Monetary policy needs fiscal policy mates
This isn’t, to put it mildly, an ideal coordination of fiscal policy from government and monetary policy from the reserve banks. If monetary policy can’t get inflation back to 2% on its own, then the answer is not to reach for ever wilder monetary bouncers, but to enlist fiscal policy to boost the economy and nudge inflation up. Monetary policy, as they say, needs mates.
But that’s not the only reason to bring the spinners on. Australia’s had the longest economic expansion of any developed economy, banging on for 30 years, and you’d think that the country would now be at full employment. It isn’t. At the time of writing, the unemployment rate is 5.2%. It can, and should, be lower. New Zealand has a somewhat better overall number – 3.9% – but within that the unemployment rate for Maori and Pacific people is about 8.0%. The Reserve Bank of New Zealand kids itself that “employment is around its maximum sustainable level”. It isn’t. Expansionary fiscal policy can help fix that.

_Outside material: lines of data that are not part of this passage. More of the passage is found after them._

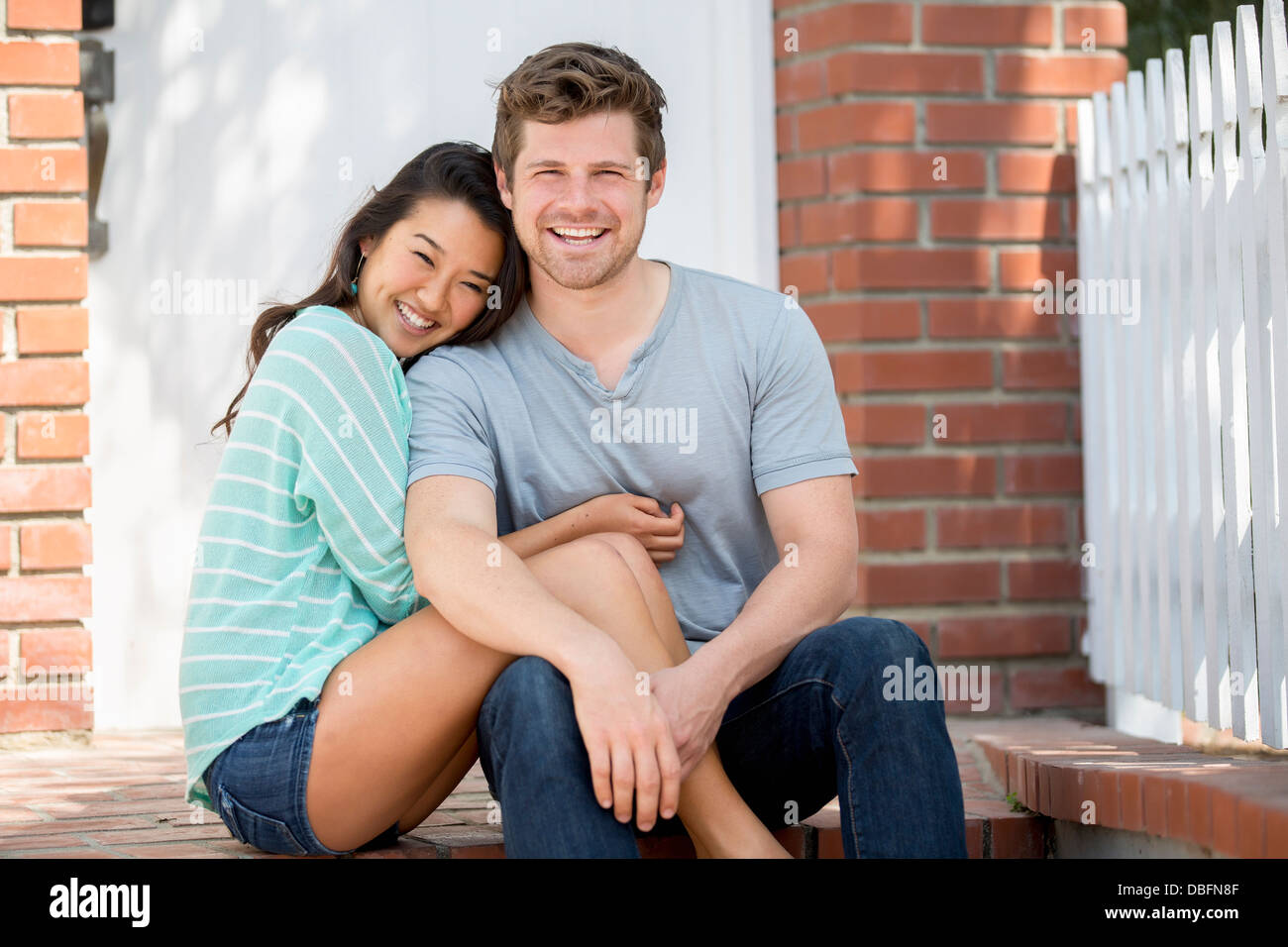 Couple smiling together outdoors Stock Photo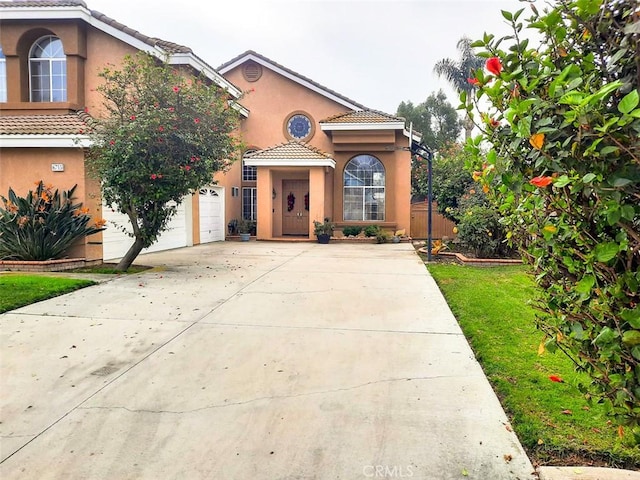 mediterranean / spanish-style home with a front yard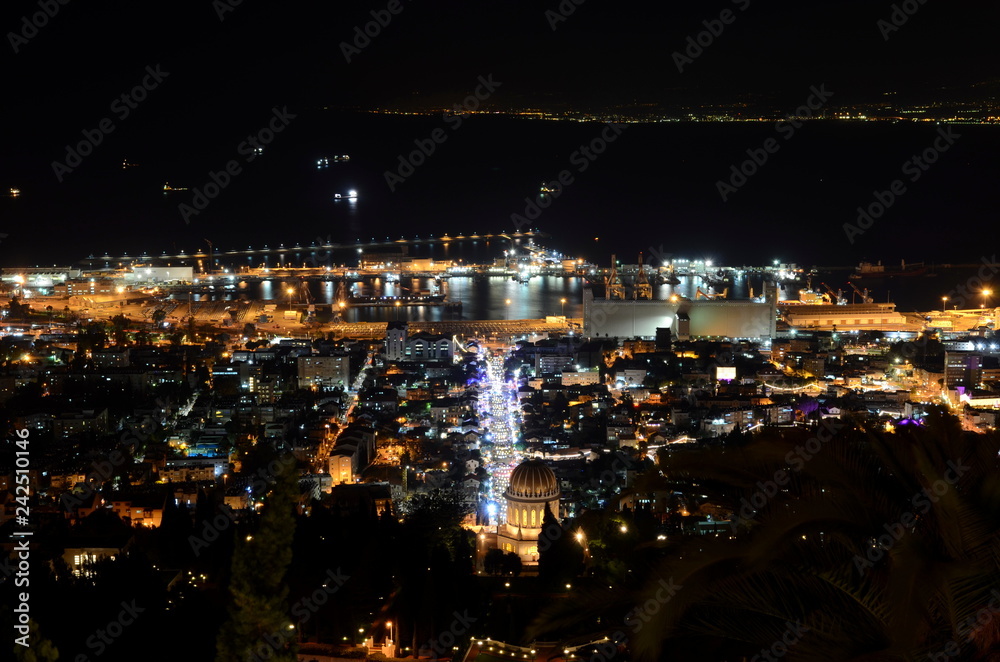 Naklejka premium Port of Haifa and Bahai Gardens by night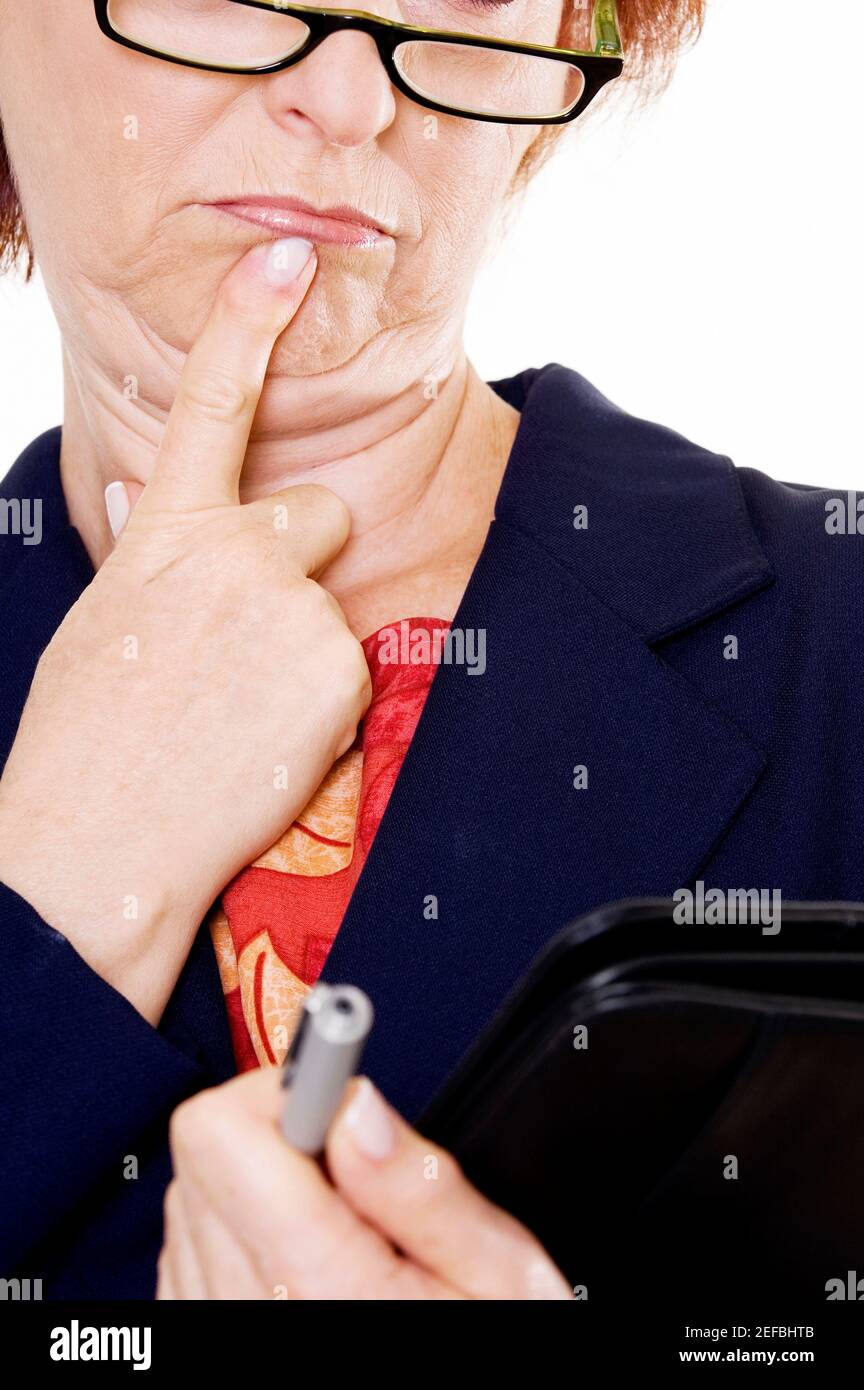 Woman pen eyeglasses thinking hi-res stock photography and images - Alamy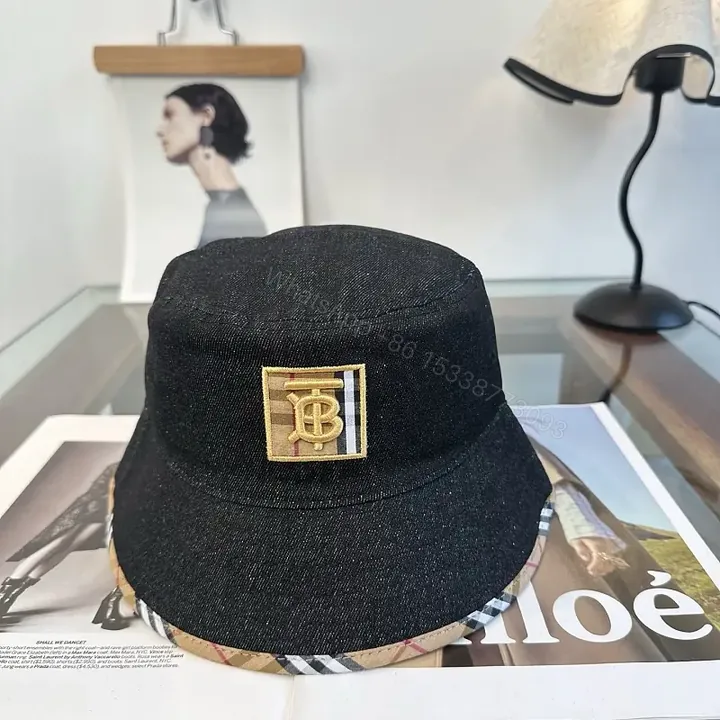 View 1 of Dark Black Denim Bucket Hat with Burberry-Style Band and Gold Emblem
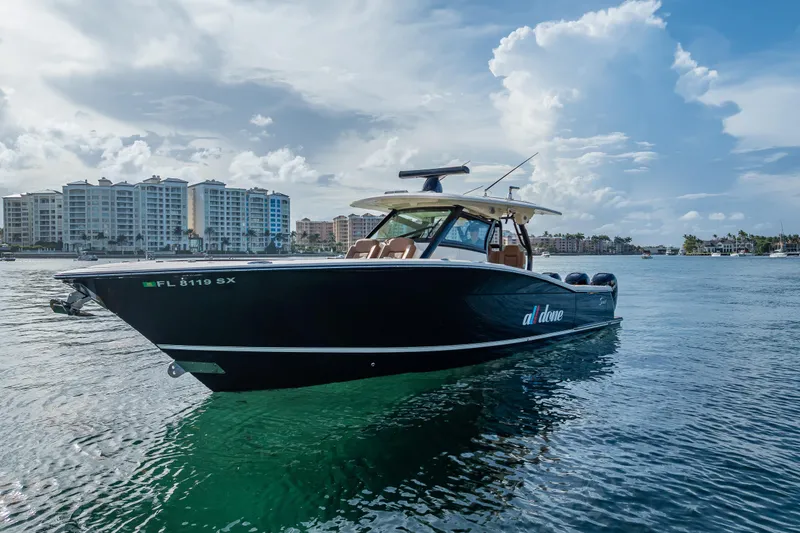 The Image of 2021 Scout 380 LXF boat on water with cityscape background. - 0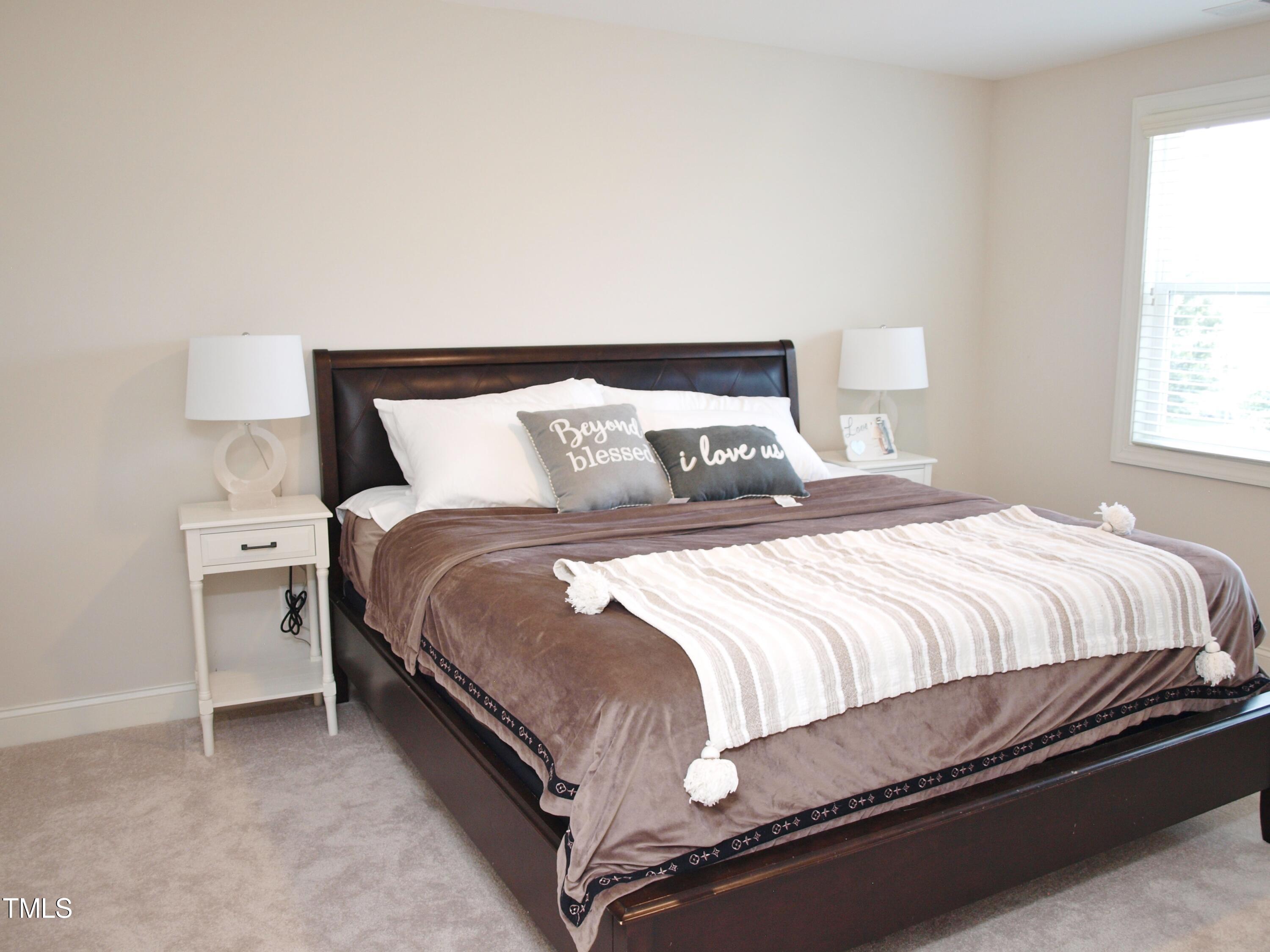 417 Airedale Trail Garner, NC 27529 - Photo 20 of 26 a large bed sitting in a bedroom next to a window with lamp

Plus there’s the little matter of the immediate economic outlook. Every forecast is saying the same thing: risks tilted to the downside. It hasn’t helped that the economies in Australia and New Zealand are currently growing more slowly than previously: shocks from overseas would come at a bad time.
The conservative view from the International Monetary Fund (IMF) is to have some fiscal ammunition in your locker for when the manure eventually meets the wind redistribution device. I say, why wait? Dial up the fiscal settings now.
But our two governments have embraced a responsible longer-term fiscal approach, partly because it’s the right thing to do, and partly because they see votes in it for steady-pair-of-hands stewardship.
We’re thankfully worlds away from the venal American system. On one recent estimate, the gap between what the US politicians have promised in social benefits and the taxes they’ve raised to pay for them is – wait for it – US$239 trillion.
But there’s a point where responsibility drifts into inaction and, on both sides of the Tasman, we’ve reached it. In Australia, Josh Frydenberg is planning a cumulative federal budget surplus of some A$45billion over the next four years. In New Zealand, Grant Robertson’s going even harder with a cumulative planned NZ$14billion surplus. Multiply that by seven to get an Aussie-style equivalent, and that’s a stonking A$91 billion.
“There’s a point where responsibility drifts into inaction and, on both sides of the Tasman, we’ve reached it.”
It’s time to spend the war chest
We don’t want to go mad and relapse into the bad old days of pollies spending up big on promises during election years and putting an ever-larger bill on the never-never. We can still subscribe to the fiscal responsibility stuff. As the IMF stated in its latest report: “The principle of running budget surpluses in good times has been an important anchor for fiscal discipline in Australia,” and it’s true in New Zealand, too.
Yet we could tick all the responsible fiscal boxes and still be doing more than we are. With inflation too low, unemployment too high, and our international markets at the mercy of political charlatans, we shouldn’t be sitting on unused war chests.
So what should we spend them on? At the short-term-boost-the-economy level, it doesn’t really matter.
We’re in a Keynesian world here, and as economist John Maynard Keynes himself famously said: “If the Treasury were to fill old bottles with banknotes, bury them at suitable depths in disused coal mines which are then filled up to the surface with town rubbish, and leave it to private enterprise... to dig the notes up again... there need be no more unemployment... It would, indeed, be more sensible to build houses and the like; but if there are political and practical difficulties in the way of this, the above would be better than nothing.”
Send out the $1000 cheques ASAP
Ideally, long-term assets such as infrastructure and housing would head the list of what we spend money on. Australia has an impressive pipeline underway but could do a bit more, while New Zealand is still in the early stages of addressing its various infrastructural deficiencies.
‘Active’ labour market policies would also be useful: getting the unemployed and hard-to-employ groups into jobs through help for the self-employed and would-be entrepreneurs, wage subsidies, direct employment schemes, industry-relevant training, and follow-up support.
But infrastructure is slow to fire up, and close mentoring support isn’t a turn-the-switch option, either. So you also need something faster acting.
Here’s one. There’s a case for junking surpluses completely: at current borrowing costs, both governments can get money for virtually nothing, and maybe they should fill their boots.
But we don’t even have to go that far. Take that Frydenberg A$45 billion surplus. Bank A$20 billion for debt repayment: ticks all round from the ratings agencies. Then write an A$1000 cheque to every person in the country. Think we’d have any worries about the cyclical outlook after that?
And now the captain’s given the pill to Robertson. Robertson’s flighted delivery turns and bounces – bowled him!